* _Information_:
▶

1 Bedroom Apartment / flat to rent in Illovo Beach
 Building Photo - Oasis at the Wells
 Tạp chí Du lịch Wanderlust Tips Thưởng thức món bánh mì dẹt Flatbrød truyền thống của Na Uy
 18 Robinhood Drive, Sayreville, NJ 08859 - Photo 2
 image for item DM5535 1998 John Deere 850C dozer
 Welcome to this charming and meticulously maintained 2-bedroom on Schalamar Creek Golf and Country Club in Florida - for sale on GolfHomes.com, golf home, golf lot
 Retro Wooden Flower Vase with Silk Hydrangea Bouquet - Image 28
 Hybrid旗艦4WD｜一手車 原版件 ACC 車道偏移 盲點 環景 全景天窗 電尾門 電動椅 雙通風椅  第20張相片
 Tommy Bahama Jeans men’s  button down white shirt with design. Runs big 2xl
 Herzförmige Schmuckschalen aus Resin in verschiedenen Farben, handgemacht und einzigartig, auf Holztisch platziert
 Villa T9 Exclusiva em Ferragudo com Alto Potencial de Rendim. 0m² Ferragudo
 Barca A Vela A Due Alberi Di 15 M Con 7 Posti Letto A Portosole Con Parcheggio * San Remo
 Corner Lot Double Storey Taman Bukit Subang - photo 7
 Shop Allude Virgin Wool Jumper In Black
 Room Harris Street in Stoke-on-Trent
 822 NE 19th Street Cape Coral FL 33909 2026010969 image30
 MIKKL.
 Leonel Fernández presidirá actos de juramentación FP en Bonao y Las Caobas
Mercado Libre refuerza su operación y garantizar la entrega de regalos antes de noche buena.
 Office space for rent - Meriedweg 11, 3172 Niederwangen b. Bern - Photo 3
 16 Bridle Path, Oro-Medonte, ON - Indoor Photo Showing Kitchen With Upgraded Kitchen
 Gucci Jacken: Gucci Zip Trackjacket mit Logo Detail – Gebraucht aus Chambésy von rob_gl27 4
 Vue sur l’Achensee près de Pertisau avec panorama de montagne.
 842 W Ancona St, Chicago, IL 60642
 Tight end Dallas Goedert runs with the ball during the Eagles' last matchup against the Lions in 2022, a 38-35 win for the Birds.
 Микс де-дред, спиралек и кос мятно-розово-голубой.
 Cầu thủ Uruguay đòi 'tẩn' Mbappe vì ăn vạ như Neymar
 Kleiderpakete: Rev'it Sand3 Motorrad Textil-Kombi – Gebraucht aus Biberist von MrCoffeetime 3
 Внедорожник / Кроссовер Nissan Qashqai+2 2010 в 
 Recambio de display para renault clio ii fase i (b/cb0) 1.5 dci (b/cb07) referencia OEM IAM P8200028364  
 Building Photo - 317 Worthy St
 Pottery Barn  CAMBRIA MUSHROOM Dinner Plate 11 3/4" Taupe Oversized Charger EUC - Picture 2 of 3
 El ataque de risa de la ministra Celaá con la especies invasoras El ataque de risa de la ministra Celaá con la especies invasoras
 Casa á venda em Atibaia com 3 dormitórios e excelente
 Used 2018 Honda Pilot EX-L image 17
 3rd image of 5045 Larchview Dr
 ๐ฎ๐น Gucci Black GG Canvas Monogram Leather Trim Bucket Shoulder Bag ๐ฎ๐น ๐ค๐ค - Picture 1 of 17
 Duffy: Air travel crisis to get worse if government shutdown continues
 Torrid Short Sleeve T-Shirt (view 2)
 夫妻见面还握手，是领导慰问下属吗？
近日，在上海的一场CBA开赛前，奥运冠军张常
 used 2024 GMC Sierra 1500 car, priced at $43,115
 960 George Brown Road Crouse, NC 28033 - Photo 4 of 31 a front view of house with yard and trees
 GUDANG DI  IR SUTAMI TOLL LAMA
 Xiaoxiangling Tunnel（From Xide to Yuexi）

◀

* _Exercise instructions_: Given the records above, return exactly the lines starting at the line containing "Leonel Fernández presidirá" and ending at the line containing "Office space for", including both.

* _The completed task_:
 Leonel Fernández presidirá actos de juramentación FP en Bonao y Las Caobas
Mercado Libre refuerza su operación y garantizar la entrega de regalos antes de noche buena.
 Office space for rent - Meriedweg 11, 3172 Niederwangen b. Bern - Photo 3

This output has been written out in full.